Yes, you are totally correct that you want patients with similar baselines. Unfortunately, that is often not seen. For example, in your case, didn’t you see some VAS scores near zero and some at twice the baseline means? We generally limit the baseline severity (e.g., Inclusion Criterion 3: All patients must have a VAS score of 3 or greater and no one has life threatening VAS scores [VAS >8]). Furthermore, we should expect through randomization, the baselines of randomized patients should be identical. I often suggest a stratified randomization on the baseline severity. [Note: we often don’t compute p-values on baseline parameters (e.g., gender, race, baseline severity). With enough parameters tested, S**T happens and you have to explain them away. I typically exclude such tests in my SAP, although I might have a ‘back pocket’ analysis of baseline p-values. If you stratified on important baseline characteristics (e.g., baseline), then it won’t be statistically or clinically significantly different.]

Yes, I am saying you CANNOT compute a percentage improvement (45% is incorrect) by examining mean change divided by mean baseline.

My Suggestion: As I said in Blog 18, test the change from baseline using ANCOVA with the baseline as covariate. Present the ANCOVA’s least squared mean change with its 95% CI as well as the effect size. The least squared mean change will adjust for baseline differences. [Note: Make sure the adjustment is at the study’s pooled baseline mean, not zero – often the default.] If you want, present the median percent change from baseline (but no inferential statistics on percentage change, including CIs).

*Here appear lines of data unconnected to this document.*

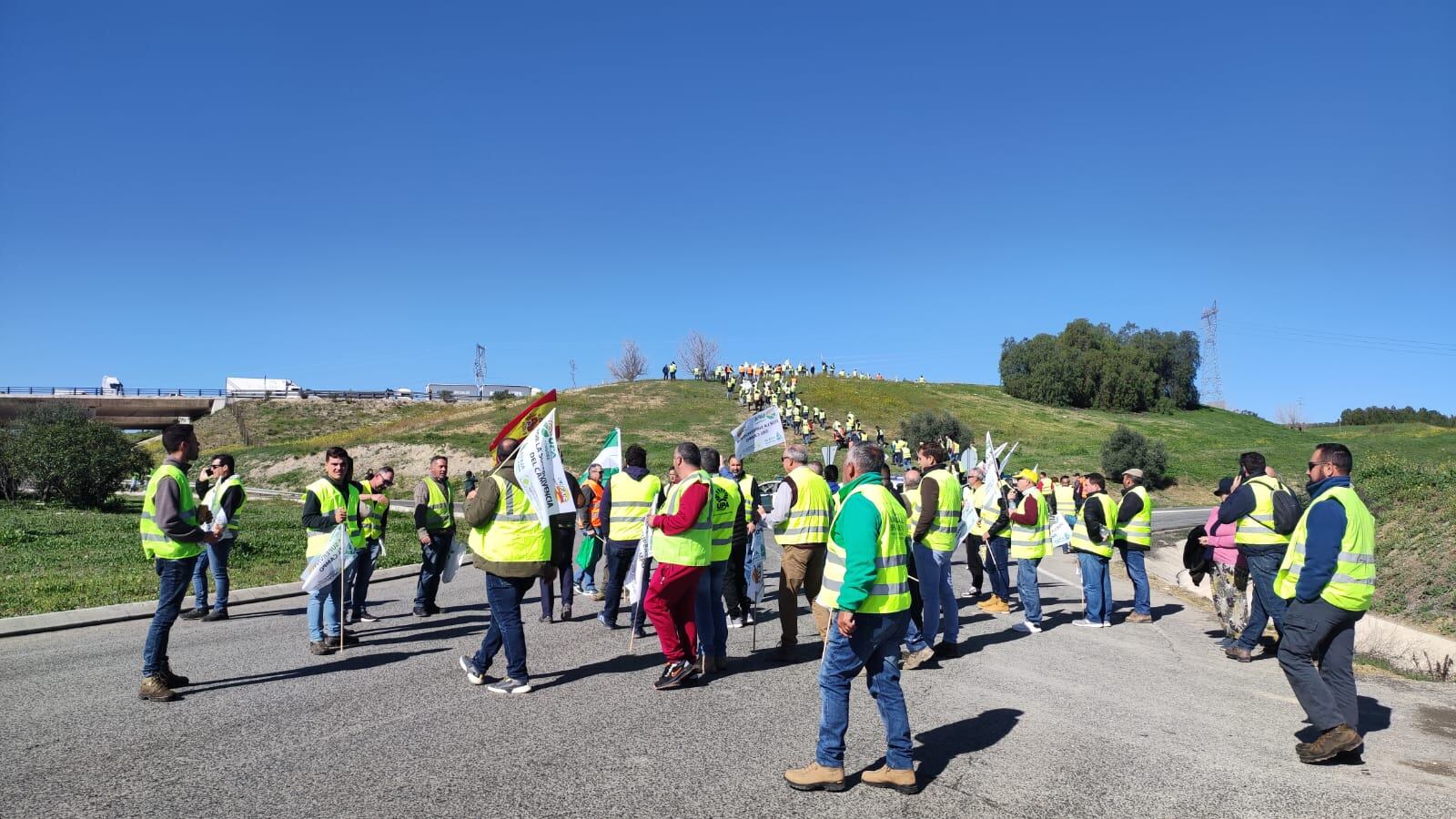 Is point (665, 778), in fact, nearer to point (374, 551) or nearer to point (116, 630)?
point (374, 551)

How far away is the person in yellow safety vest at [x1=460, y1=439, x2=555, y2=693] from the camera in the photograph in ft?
22.7

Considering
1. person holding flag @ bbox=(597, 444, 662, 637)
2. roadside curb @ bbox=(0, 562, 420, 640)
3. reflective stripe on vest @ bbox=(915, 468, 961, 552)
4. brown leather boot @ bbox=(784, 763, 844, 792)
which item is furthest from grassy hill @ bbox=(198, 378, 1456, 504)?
brown leather boot @ bbox=(784, 763, 844, 792)

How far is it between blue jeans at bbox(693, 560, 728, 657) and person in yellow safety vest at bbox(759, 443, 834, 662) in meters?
0.66

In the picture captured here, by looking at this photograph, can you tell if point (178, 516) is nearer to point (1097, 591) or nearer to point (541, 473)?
point (541, 473)

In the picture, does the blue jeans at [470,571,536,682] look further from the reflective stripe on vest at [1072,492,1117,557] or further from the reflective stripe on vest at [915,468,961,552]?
the reflective stripe on vest at [1072,492,1117,557]

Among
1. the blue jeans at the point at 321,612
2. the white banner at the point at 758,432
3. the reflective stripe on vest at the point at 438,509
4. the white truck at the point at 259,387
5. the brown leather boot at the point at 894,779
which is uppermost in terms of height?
the white truck at the point at 259,387

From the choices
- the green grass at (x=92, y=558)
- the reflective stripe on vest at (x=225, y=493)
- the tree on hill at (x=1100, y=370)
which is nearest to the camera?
the reflective stripe on vest at (x=225, y=493)

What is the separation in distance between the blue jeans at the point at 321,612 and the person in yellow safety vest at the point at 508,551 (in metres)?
2.34

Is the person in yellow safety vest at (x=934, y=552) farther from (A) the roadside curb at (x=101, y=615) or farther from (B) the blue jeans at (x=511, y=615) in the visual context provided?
(A) the roadside curb at (x=101, y=615)

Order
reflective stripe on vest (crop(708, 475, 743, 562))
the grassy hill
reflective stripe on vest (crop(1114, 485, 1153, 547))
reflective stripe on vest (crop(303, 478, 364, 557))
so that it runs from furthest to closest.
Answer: the grassy hill → reflective stripe on vest (crop(1114, 485, 1153, 547)) → reflective stripe on vest (crop(303, 478, 364, 557)) → reflective stripe on vest (crop(708, 475, 743, 562))

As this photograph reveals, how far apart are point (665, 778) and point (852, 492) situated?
1953 millimetres

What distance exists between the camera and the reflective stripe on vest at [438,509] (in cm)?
1085

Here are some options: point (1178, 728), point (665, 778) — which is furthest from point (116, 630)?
point (1178, 728)

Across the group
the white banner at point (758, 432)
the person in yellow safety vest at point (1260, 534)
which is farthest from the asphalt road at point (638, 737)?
the white banner at point (758, 432) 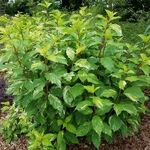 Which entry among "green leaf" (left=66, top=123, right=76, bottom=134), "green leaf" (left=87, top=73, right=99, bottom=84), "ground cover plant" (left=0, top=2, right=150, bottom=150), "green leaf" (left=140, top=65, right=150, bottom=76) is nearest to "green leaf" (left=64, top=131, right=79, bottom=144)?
"ground cover plant" (left=0, top=2, right=150, bottom=150)

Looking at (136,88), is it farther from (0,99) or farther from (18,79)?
(0,99)

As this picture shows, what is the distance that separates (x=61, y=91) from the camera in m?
2.17

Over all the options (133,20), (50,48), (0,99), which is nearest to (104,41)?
(50,48)

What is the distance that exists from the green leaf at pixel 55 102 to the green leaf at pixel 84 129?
0.22 meters

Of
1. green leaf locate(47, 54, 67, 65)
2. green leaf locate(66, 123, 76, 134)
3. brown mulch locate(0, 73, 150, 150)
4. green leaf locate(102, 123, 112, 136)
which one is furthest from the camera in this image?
brown mulch locate(0, 73, 150, 150)

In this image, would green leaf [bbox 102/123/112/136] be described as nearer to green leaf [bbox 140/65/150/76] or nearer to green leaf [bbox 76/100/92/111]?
green leaf [bbox 76/100/92/111]

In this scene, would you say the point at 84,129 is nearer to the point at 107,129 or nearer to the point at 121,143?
the point at 107,129

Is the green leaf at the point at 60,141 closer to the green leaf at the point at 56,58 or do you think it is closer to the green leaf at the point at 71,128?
the green leaf at the point at 71,128

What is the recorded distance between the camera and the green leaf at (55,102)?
6.86 feet

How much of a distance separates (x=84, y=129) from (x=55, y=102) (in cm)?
31

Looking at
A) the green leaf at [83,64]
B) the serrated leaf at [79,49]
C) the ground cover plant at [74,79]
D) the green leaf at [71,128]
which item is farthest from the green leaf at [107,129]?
the serrated leaf at [79,49]

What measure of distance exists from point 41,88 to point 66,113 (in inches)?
17.4

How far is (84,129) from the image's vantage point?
2158 mm

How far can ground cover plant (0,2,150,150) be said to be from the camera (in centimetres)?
206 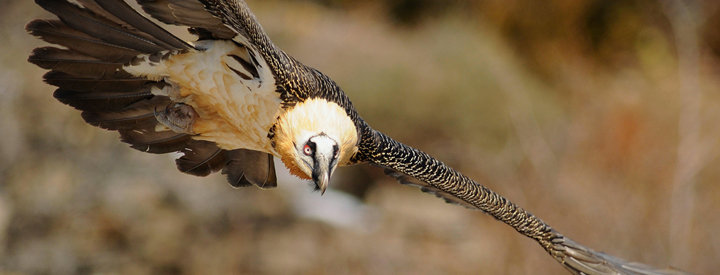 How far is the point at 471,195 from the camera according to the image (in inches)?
244

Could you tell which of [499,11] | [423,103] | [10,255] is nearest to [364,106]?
[423,103]

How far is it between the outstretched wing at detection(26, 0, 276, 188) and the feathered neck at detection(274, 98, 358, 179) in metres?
0.43

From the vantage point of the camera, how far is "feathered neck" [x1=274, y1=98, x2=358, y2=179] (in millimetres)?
4949

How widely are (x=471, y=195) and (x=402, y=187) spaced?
32.8 ft

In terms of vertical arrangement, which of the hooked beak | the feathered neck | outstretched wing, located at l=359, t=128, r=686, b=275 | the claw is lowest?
the claw

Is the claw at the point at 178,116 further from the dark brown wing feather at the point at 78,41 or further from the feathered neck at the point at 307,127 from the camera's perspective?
the feathered neck at the point at 307,127

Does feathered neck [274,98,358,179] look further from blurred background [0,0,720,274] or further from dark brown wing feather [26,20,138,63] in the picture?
blurred background [0,0,720,274]

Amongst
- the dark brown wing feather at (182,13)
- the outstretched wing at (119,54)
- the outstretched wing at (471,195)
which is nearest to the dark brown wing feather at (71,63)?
the outstretched wing at (119,54)

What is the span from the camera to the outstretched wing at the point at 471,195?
5.85 m

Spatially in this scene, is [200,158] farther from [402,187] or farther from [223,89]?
[402,187]

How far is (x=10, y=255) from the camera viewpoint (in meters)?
10.9

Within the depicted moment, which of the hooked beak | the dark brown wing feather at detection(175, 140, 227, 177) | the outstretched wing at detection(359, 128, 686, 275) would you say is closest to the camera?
the hooked beak

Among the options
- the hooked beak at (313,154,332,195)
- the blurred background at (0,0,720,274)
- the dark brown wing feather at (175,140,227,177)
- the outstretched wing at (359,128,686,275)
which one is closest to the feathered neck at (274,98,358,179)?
the hooked beak at (313,154,332,195)

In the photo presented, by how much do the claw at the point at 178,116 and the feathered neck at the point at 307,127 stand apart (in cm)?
79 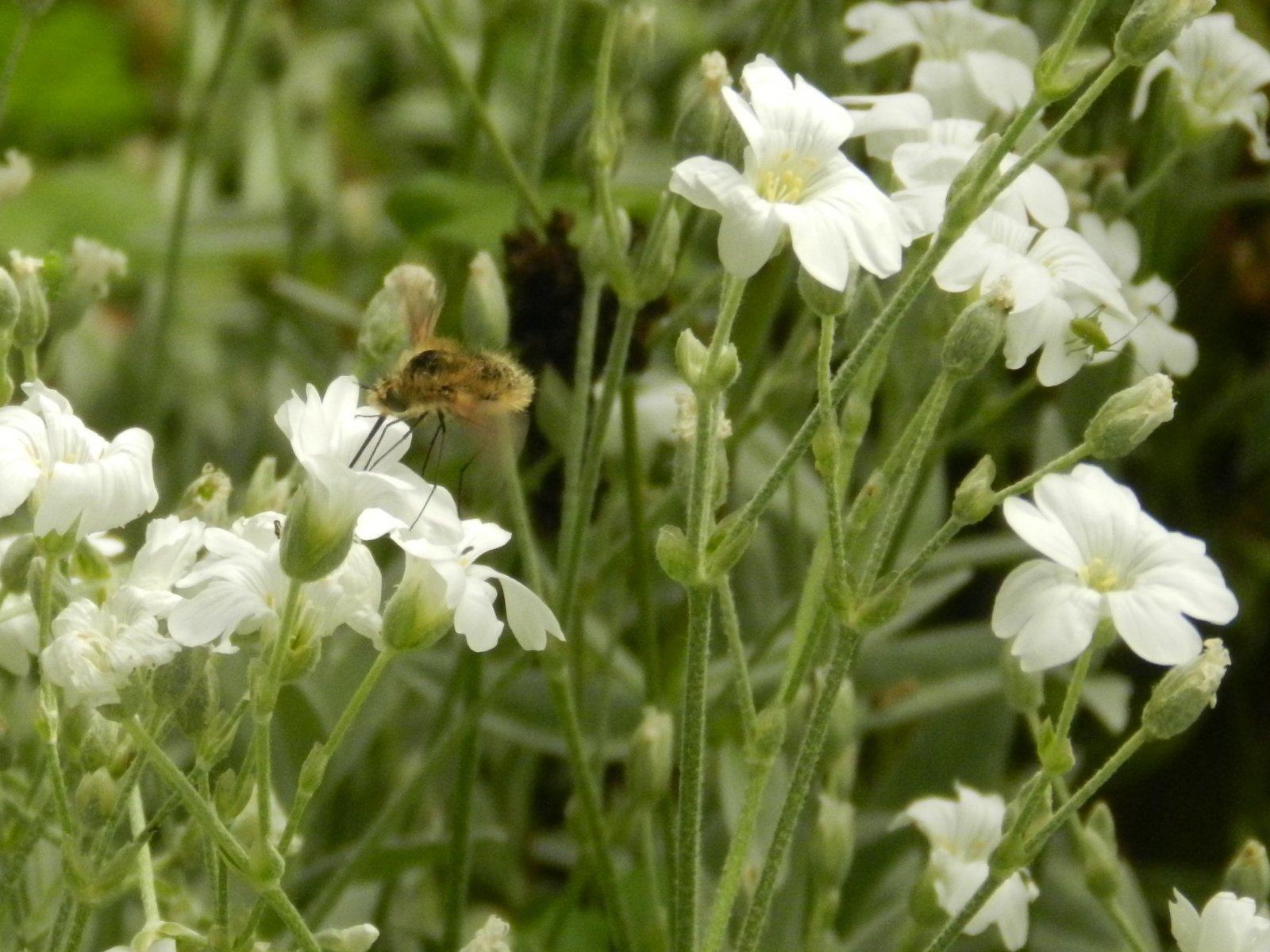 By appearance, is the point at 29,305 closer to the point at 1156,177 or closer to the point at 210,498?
the point at 210,498

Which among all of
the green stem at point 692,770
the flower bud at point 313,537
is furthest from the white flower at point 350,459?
the green stem at point 692,770

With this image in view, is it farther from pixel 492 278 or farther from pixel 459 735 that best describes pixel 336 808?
pixel 492 278

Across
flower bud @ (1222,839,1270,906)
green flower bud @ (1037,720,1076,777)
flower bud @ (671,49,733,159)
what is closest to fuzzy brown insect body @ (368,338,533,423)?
flower bud @ (671,49,733,159)

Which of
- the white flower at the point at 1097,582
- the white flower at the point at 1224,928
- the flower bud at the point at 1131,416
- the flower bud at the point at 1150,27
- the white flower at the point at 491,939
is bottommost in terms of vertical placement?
the white flower at the point at 1224,928

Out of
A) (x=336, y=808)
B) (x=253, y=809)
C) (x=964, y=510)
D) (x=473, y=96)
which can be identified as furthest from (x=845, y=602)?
(x=336, y=808)

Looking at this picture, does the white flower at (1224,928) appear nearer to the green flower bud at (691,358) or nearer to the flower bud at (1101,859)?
the flower bud at (1101,859)

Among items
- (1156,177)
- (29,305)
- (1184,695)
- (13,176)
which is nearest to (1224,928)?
(1184,695) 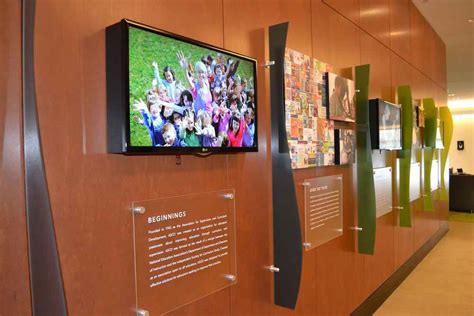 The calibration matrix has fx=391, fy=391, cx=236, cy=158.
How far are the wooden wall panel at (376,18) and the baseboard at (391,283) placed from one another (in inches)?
101

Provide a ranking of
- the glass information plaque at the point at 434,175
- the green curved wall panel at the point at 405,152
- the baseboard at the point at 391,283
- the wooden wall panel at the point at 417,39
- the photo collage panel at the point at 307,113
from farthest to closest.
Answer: the glass information plaque at the point at 434,175 → the wooden wall panel at the point at 417,39 → the green curved wall panel at the point at 405,152 → the baseboard at the point at 391,283 → the photo collage panel at the point at 307,113

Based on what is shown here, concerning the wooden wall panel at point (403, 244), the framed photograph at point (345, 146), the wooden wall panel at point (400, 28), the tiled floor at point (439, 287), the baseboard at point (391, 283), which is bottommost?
the tiled floor at point (439, 287)

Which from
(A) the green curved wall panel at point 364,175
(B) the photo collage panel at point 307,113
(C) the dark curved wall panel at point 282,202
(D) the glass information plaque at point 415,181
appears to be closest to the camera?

Interpretation: First, you have a fairly good sample size to detect a moderately sized clinical effect. I don’t know where the p-values come from but I would conclude that there is no evidence that the baselines (which theoretically should be the same) are different from one another. Furthermore the Day 4 means are likely (statistically significantly) different by some amount. If the VAS is meaningful, I would focus on the mean difference (2.67 – 2.02 = 0.65) with its 95% CI. Otherwise I would present the effect size. [See Blogs 3 and 4.] Most importantly, is the treatment effect (e.g., 0.65 VAS points) clinically meaningful?

One other set of observations on your data. I’m not sure what the numbers following the +/- are (e.g., 2.59). I would guess CI or Standard Errors. In either case, they are proportional to the standard deviations, when the Ns are close (102 and 106). The baseline variances do not appear different (for F test comparing variances the p ~ 0.15). However, the Day 4 are likely statistically significantly different (p ~ 0.003), with the placebo variance approximately 75% larger than the active variance. This might be due to a ‘floor effect’ of your VAS in the active group. Furthermore, the VAS variability at Day 4 was more than twice the variability seen at Day 0.

Thank you Allen! This is very helpful!